Rookie Review: Titus Young, Lions
He’s been featured in this forum before, but Young’s starting to find his niche in the Detroit passing game, racking up nine catches in the last two games for 109 yards and two excursions to the end zone. Serving as Matthew Stafford’s security blanket, Young is worth a look in deeper leagues as a flex option against the Chargers. Definitely a long shot, yet Young does have four scores next to his name in the past seven weeks.

This Week in Kevin Walter
Due to some health issues, I was sidelined for last week’s article, pilfering my pulpit to preach K-Walt’s preeminence in Week 14 against Cincinnati.
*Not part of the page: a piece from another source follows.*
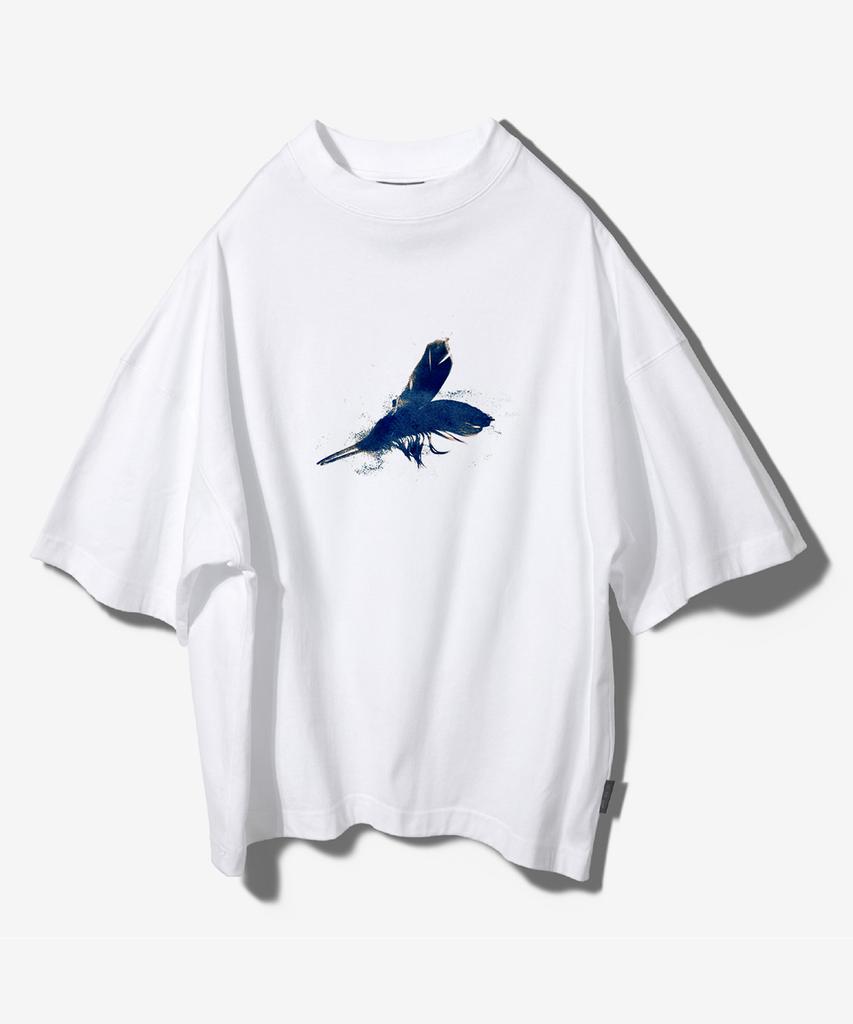 Paensyo Feather Back Slit Short Sleeve - White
Heading into the contest, a Houston win would have triggered the team’s first playoff berth in franchise history. Fitting, then, that the Pride of Ypsilanti hauled in the game-winning grab with just seconds to go, sending the Texans to the Promised Land. Walter finished with six receptions for 76 yards, and added another keepsake to his growing collection of “Wow, Kevin Walter is a bad mother$*#&@!” moments. It was also sweet justice for Walter, a former Bengal who was let go by the team after the 2006 season. The lesson, as always: don’t mess with K-Walt.
Walter’s 2011 Stats: 36 receptions, 427 yards, three touchdowns.
Walter’s Cornerback Body Count: 11.

Gatorade Shower Goes to: Drew Brees, Saints
Somewhat silenced by the Aaron Rodgers/Tim Tebow/Tom Brady hysteria, Brees reminded everyone that big things were going down in the Big Easy (ok, it happened in Minnesota, but that doesn’t have the same ring to it) with five touchdowns and 400 yards in a win against the Vikings. What else is there to say? The cat can ball.

Personal Foul on: Indianapolis Colts
You fools! Don’t you realize what you’ve done?!?! You’re a loss away from jeopardizing Andrew Luck!